§ **Task item**: Produce a faithful copy of the data, one that leaves out the pictures.

§ **Recorded information**:
+ + + +

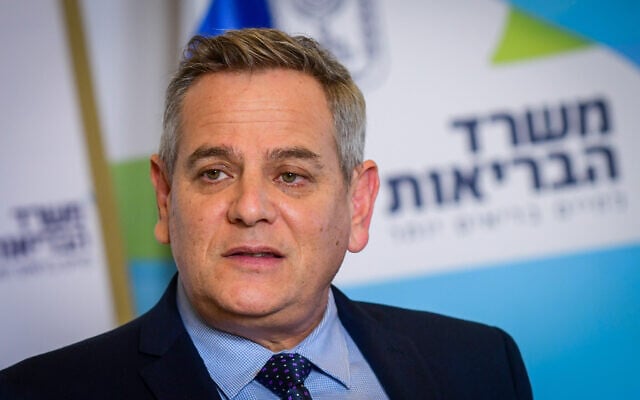 Health Minister Nitzan Horowitz speaks during a press conference about COVID-19, on December 30, 2021. (Avshalom Sassoni/Flash90) Health Minister Nitzan Horowitz speaks during a press conference about COVID-19, on December 30, 2021. (Avshalom Sassoni/Flash90)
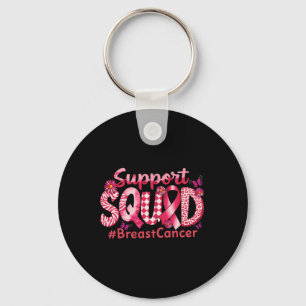 Porte-clés Soutien du guerrier du cancer du sein Squad Pink R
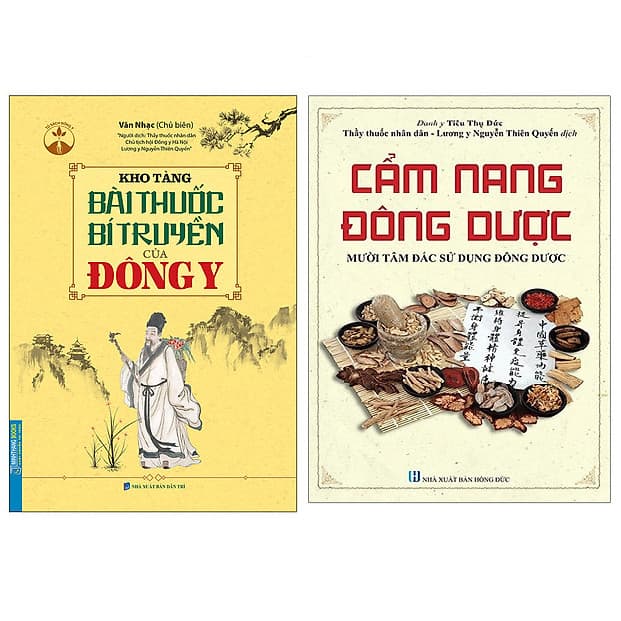 Combo Cẩm Nang Đông DượcKho Tàng Bài Thuốc Bí Truyền Của Đông Y Bìa Mềm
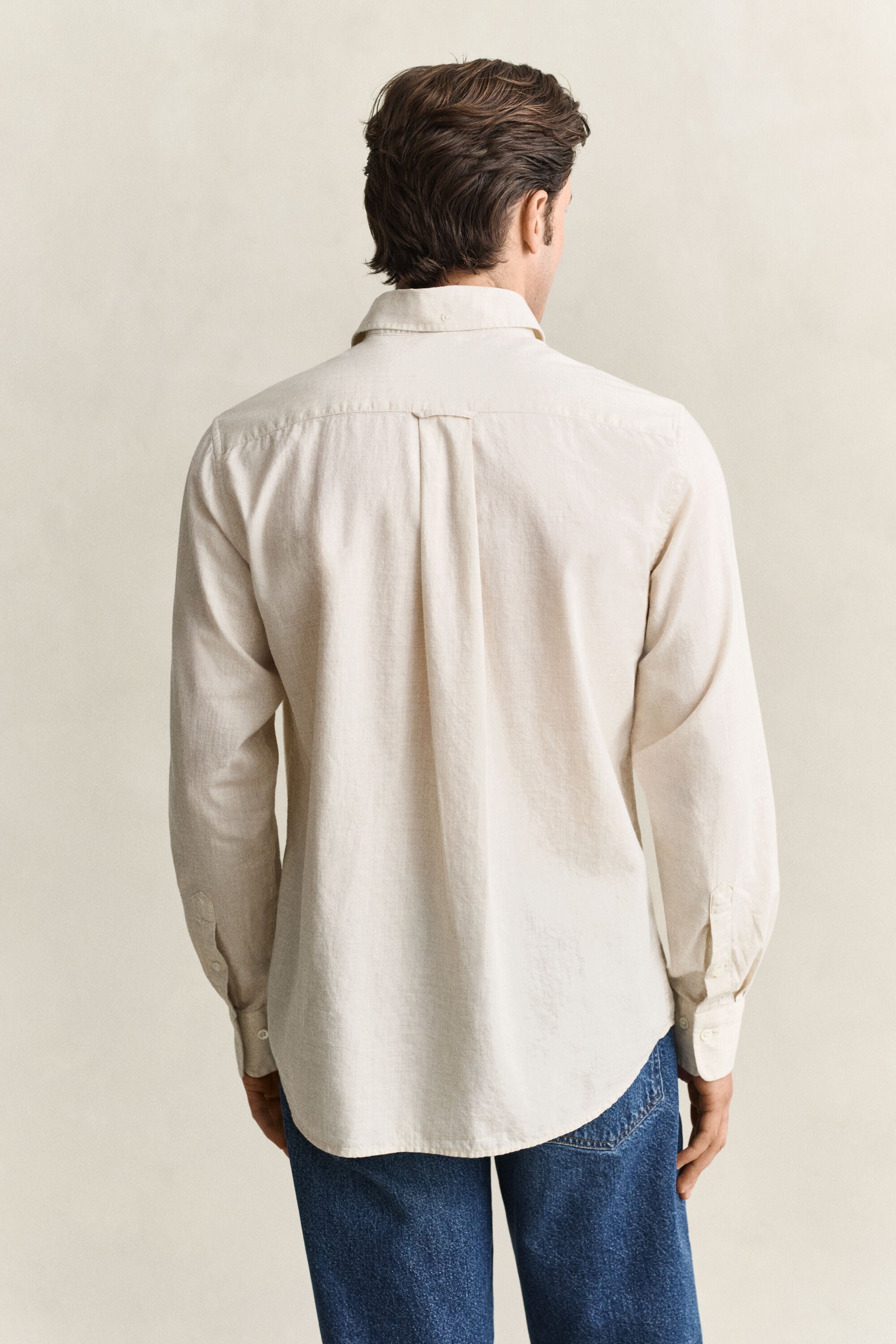 Camisa em algodão e caxemira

+ + + +

§ **Exercise answer**:
 Health Minister Nitzan Horowitz speaks during a press conference about COVID-19, on December 30, 2021. (Avshalom Sassoni/Flash90) Health Minister Nitzan Horowitz speaks during a press conference about COVID-19, on December 30, 2021. (Avshalom Sassoni/Flash90)
 Porte-clés Soutien du guerrier du cancer du sein Squad Pink R
 Combo Cẩm Nang Đông DượcKho Tàng Bài Thuốc Bí Truyền Của Đông Y Bìa Mềm
 Camisa em algodão e caxemira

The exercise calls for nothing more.